[Opening Extracted records section]
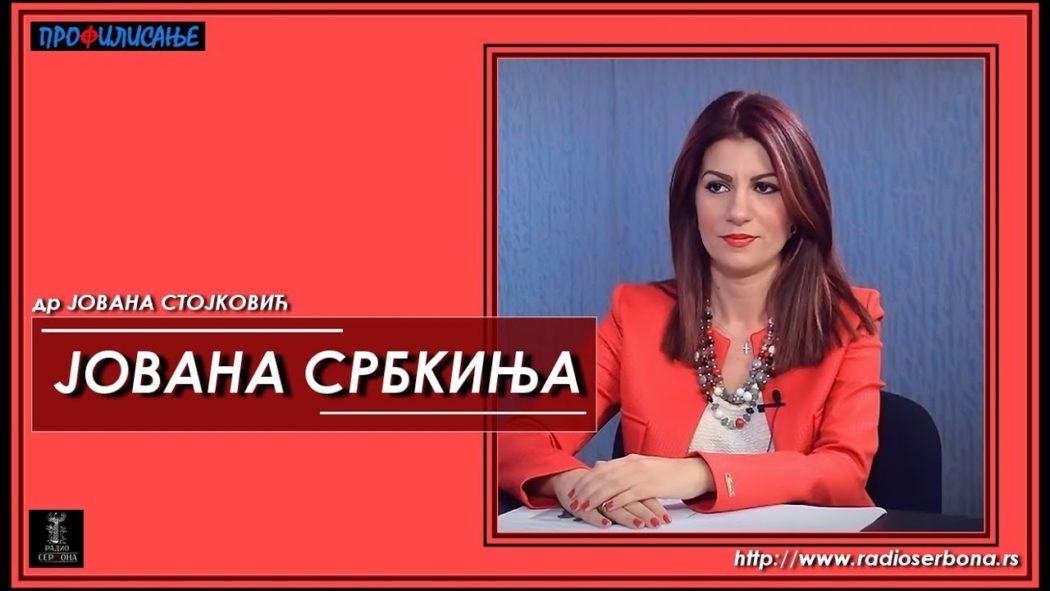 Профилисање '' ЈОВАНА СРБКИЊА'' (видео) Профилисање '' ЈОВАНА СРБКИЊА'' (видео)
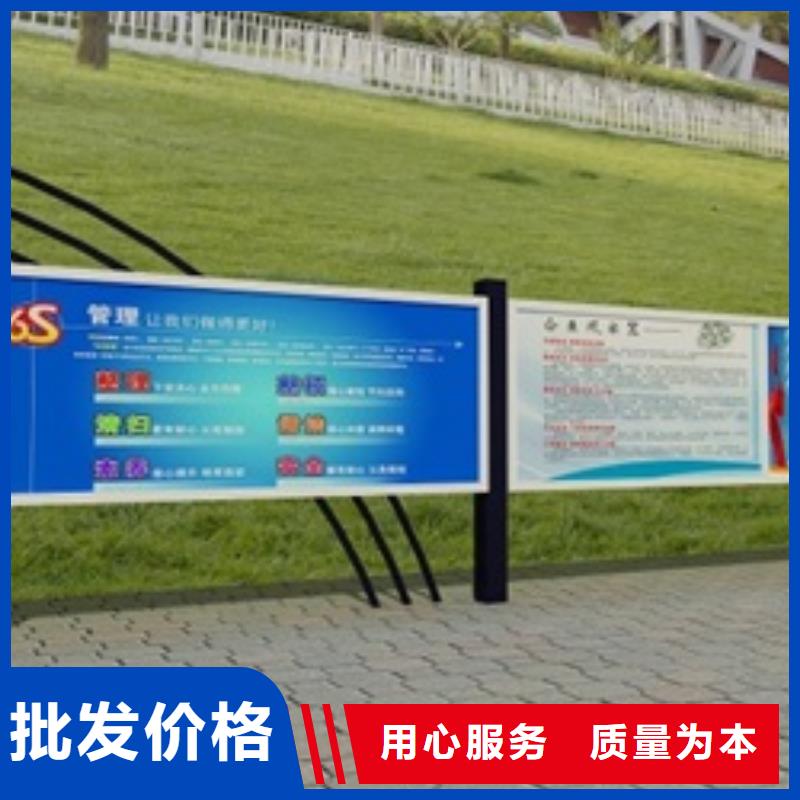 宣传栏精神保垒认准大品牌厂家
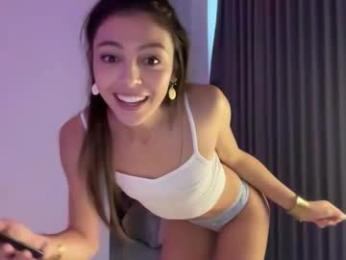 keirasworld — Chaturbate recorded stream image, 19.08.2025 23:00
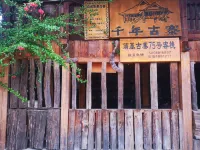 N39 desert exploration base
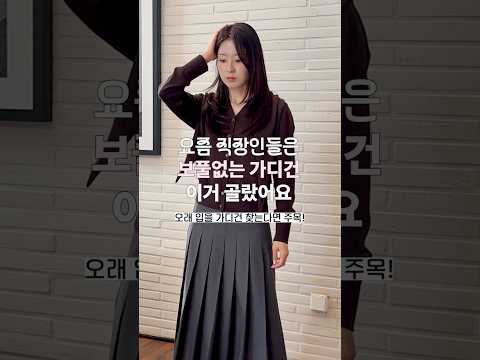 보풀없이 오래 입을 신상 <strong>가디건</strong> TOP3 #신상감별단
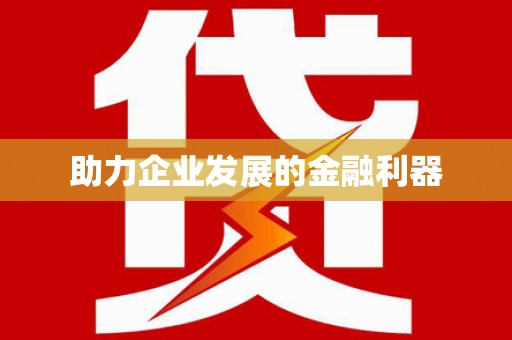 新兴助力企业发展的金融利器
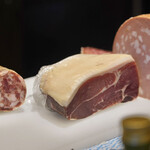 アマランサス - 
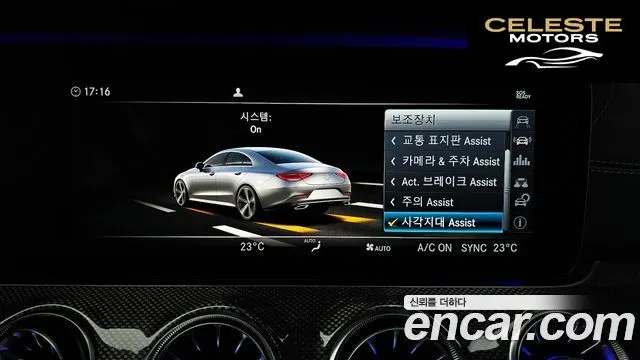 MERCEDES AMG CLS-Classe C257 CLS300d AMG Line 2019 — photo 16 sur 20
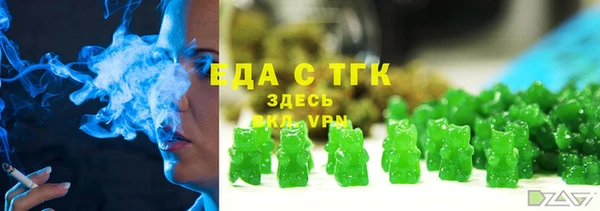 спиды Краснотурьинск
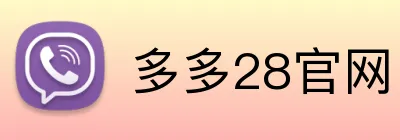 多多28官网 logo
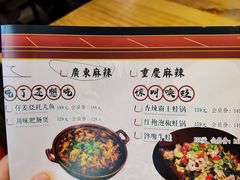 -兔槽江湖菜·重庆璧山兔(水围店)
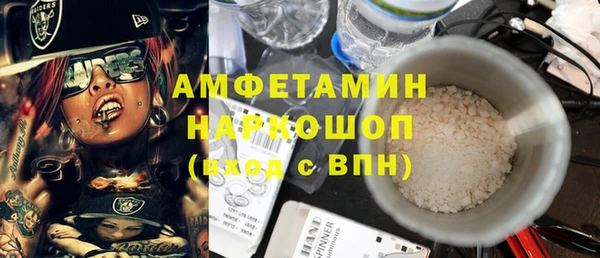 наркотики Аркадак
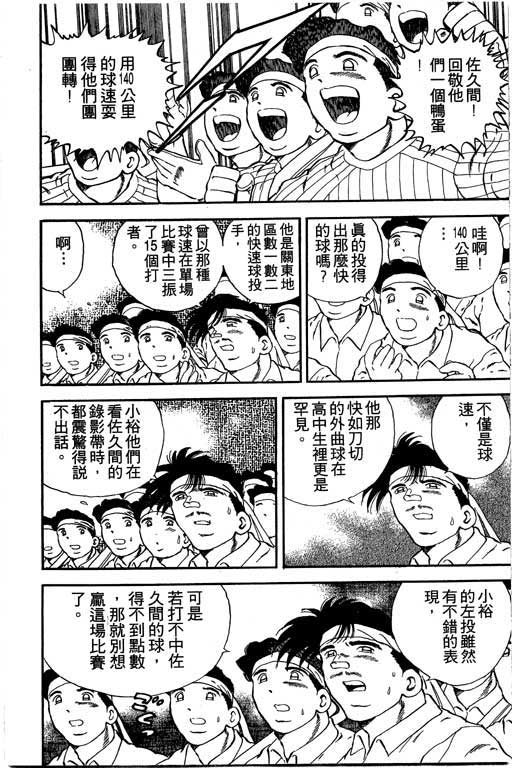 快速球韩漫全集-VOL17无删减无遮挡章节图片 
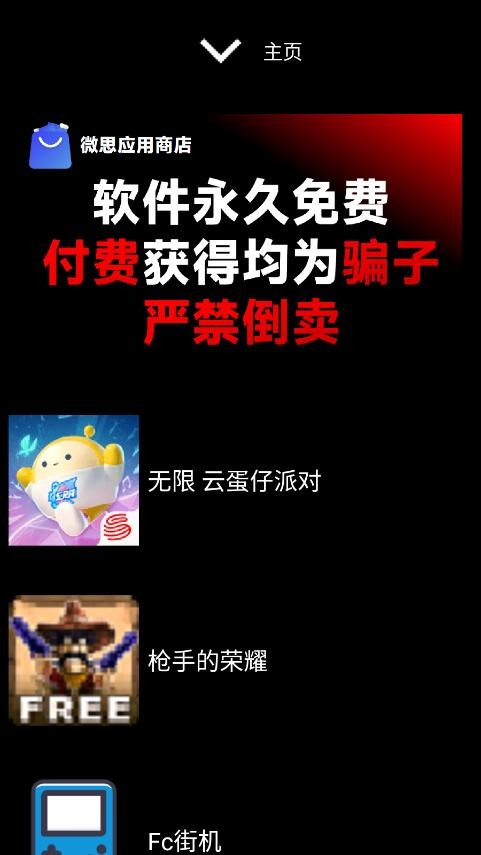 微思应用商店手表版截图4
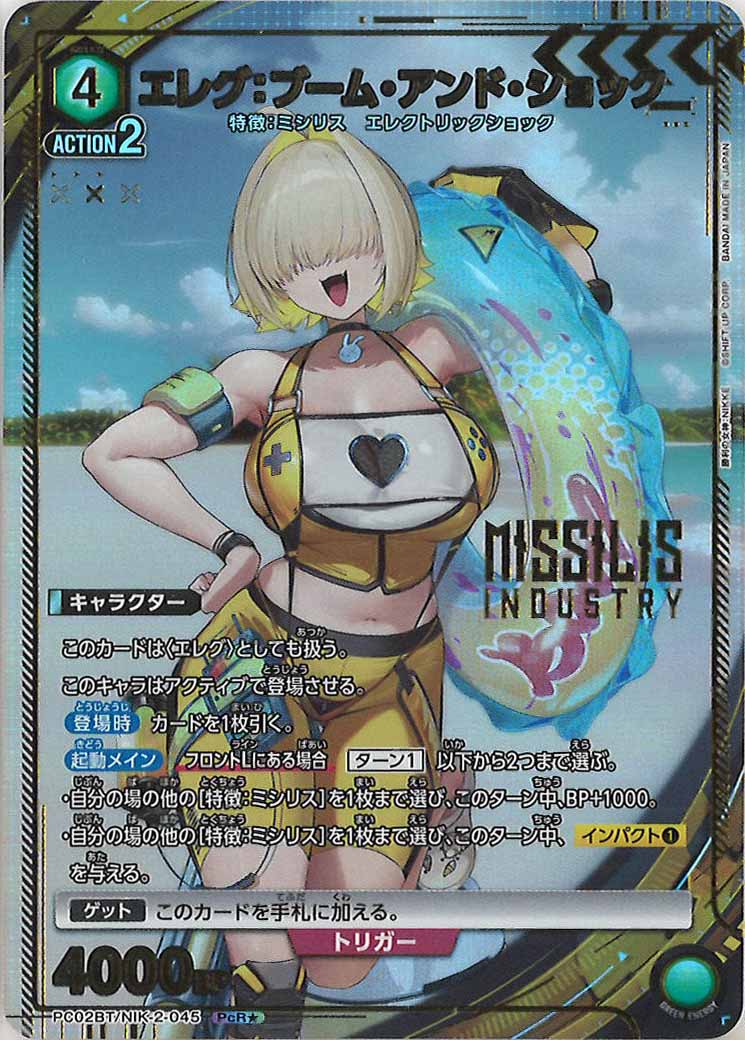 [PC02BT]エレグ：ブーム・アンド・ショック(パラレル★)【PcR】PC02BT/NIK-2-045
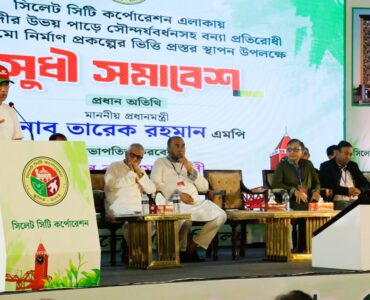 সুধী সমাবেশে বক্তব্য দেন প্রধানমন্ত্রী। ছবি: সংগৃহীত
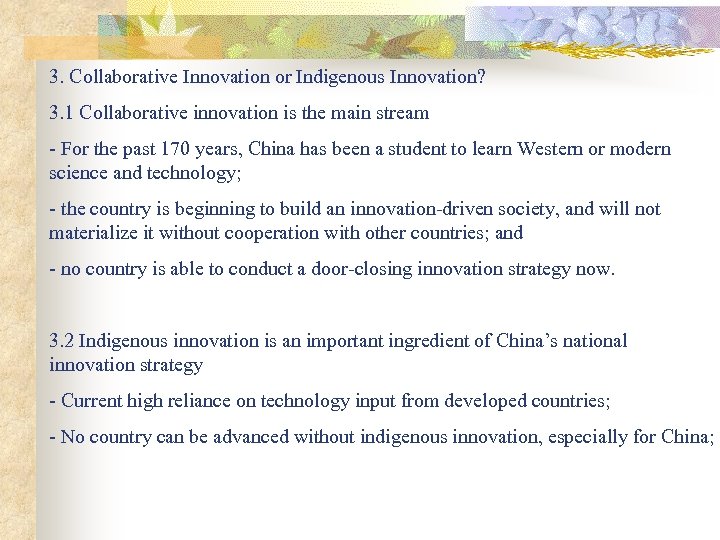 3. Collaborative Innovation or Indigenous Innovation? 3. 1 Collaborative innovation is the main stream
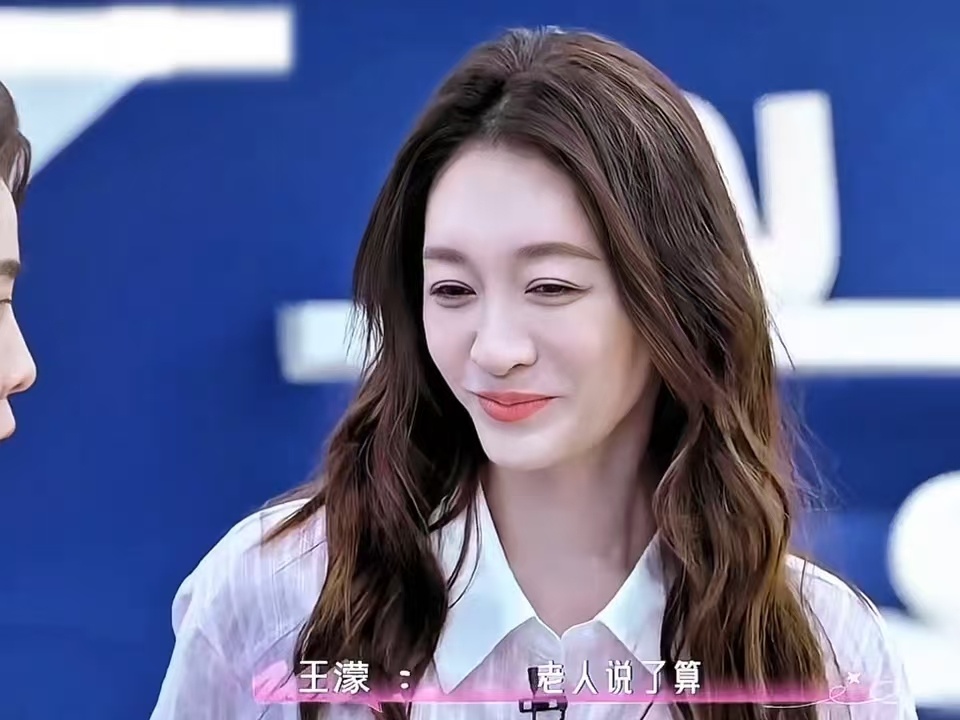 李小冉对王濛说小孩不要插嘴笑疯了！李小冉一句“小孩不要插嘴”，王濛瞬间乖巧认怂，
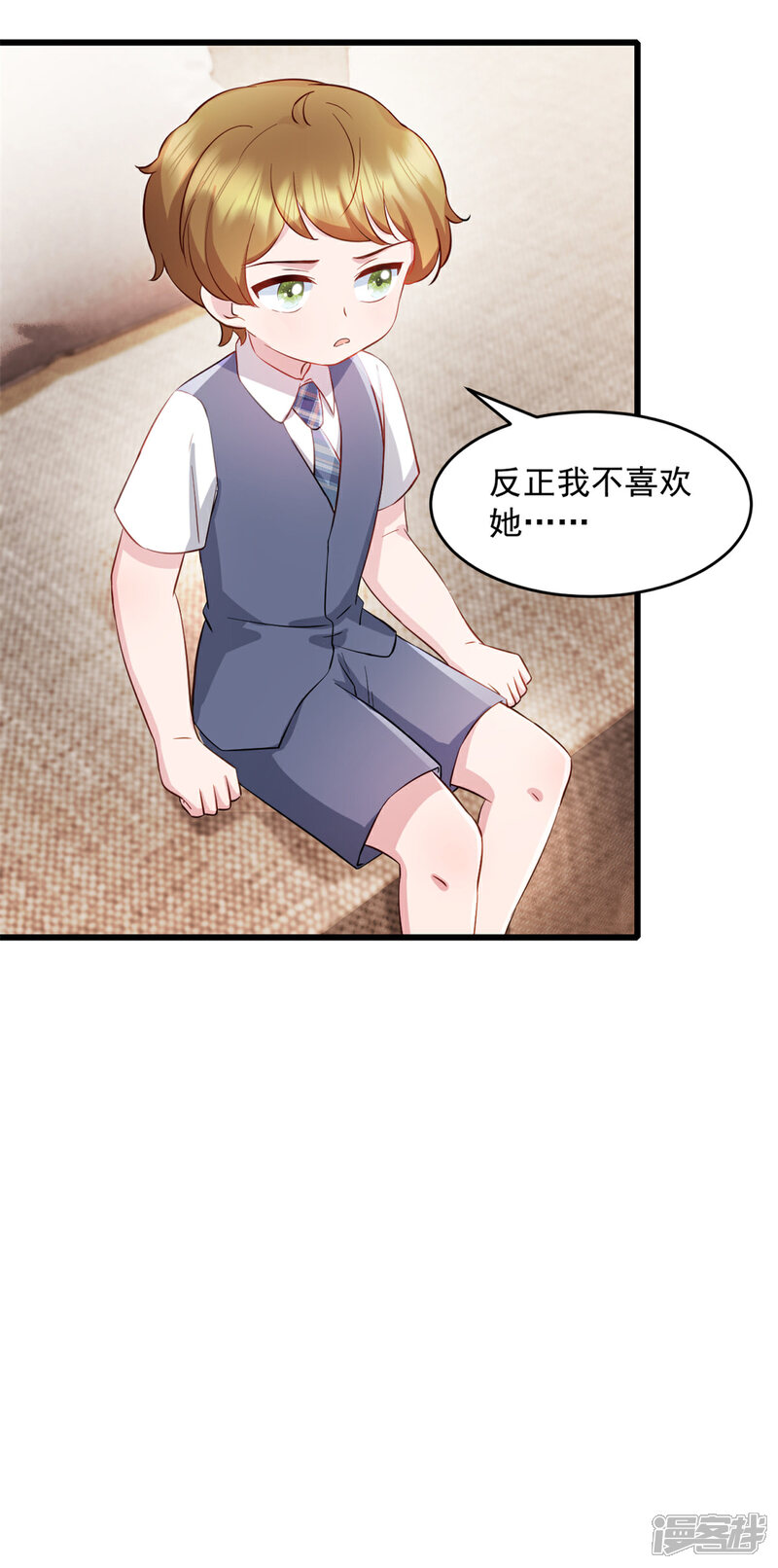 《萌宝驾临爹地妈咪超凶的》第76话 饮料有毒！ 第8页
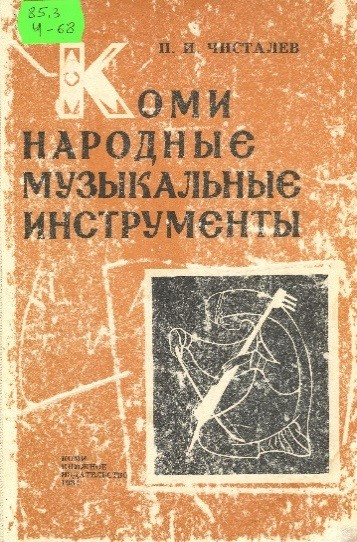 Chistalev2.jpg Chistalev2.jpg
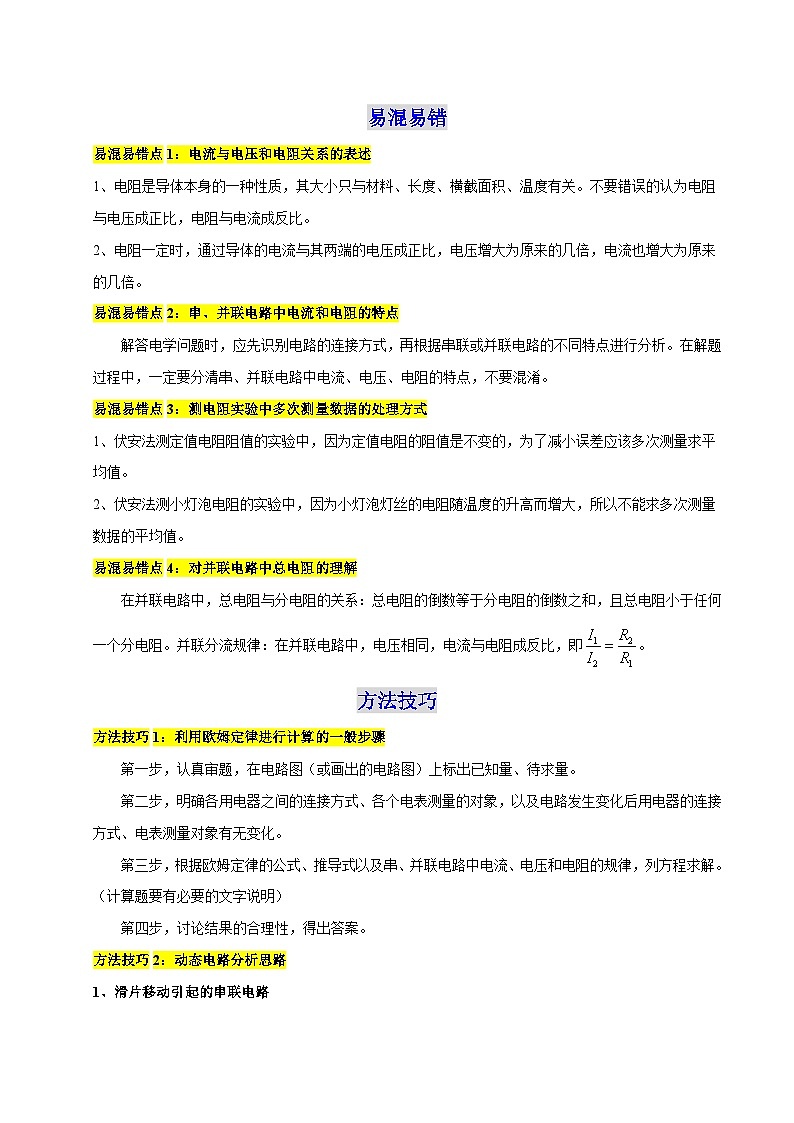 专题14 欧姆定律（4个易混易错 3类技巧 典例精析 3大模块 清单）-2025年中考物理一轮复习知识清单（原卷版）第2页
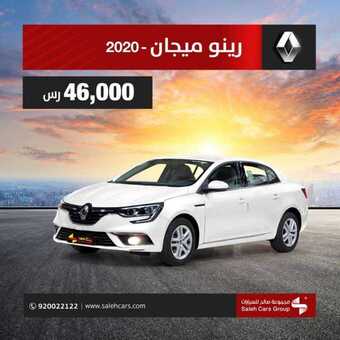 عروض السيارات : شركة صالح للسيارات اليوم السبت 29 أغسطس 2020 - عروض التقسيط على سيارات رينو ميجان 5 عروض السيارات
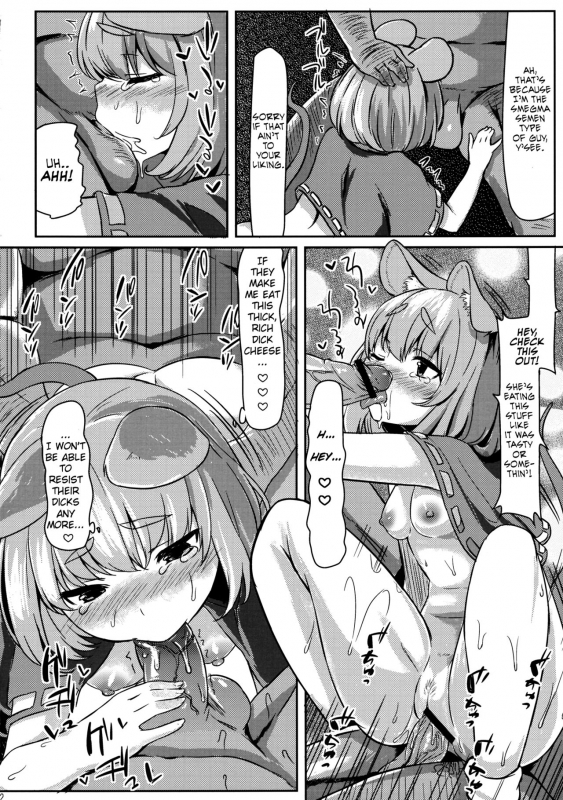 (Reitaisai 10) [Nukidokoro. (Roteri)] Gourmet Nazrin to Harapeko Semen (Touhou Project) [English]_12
[Closing Extracted records section]
- _Task prompt_
Return all of the material precisely as written. No picture belongs in it.

- _Result below_
 Профилисање '' ЈОВАНА СРБКИЊА'' (видео) Профилисање '' ЈОВАНА СРБКИЊА'' (видео)
 宣传栏精神保垒认准大品牌厂家
 keirasworld — Chaturbate recorded stream image, 19.08.2025 23:00
 N39 desert exploration base
 보풀없이 오래 입을 신상 <strong>가디건</strong> TOP3 #신상감별단
 新兴助力企业发展的金融利器
 アマランサス - 
 MERCEDES AMG CLS-Classe C257 CLS300d AMG Line 2019 — photo 16 sur 20
 спиды Краснотурьинск
 多多28官网 logo
 -兔槽江湖菜·重庆璧山兔(水围店)
 наркотики Аркадак
 快速球韩漫全集-VOL17无删减无遮挡章节图片 
 微思应用商店手表版截图4
 [PC02BT]エレグ：ブーム・アンド・ショック(パラレル★)【PcR】PC02BT/NIK-2-045
 সুধী সমাবেশে বক্তব্য দেন প্রধানমন্ত্রী। ছবি: সংগৃহীত
 3. Collaborative Innovation or Indigenous Innovation? 3. 1 Collaborative innovation is the main stream
 李小冉对王濛说小孩不要插嘴笑疯了！李小冉一句“小孩不要插嘴”，王濛瞬间乖巧认怂，
 《萌宝驾临爹地妈咪超凶的》第76话 饮料有毒！ 第8页
 Chistalev2.jpg Chistalev2.jpg
 专题14 欧姆定律（4个易混易错 3类技巧 典例精析 3大模块 清单）-2025年中考物理一轮复习知识清单（原卷版）第2页
 عروض السيارات : شركة صالح للسيارات اليوم السبت 29 أغسطس 2020 - عروض التقسيط على سيارات رينو ميجان 5 عروض السيارات
 (Reitaisai 10) [Nukidokoro. (Roteri)] Gourmet Nazrin to Harapeko Semen (Touhou Project) [English]_12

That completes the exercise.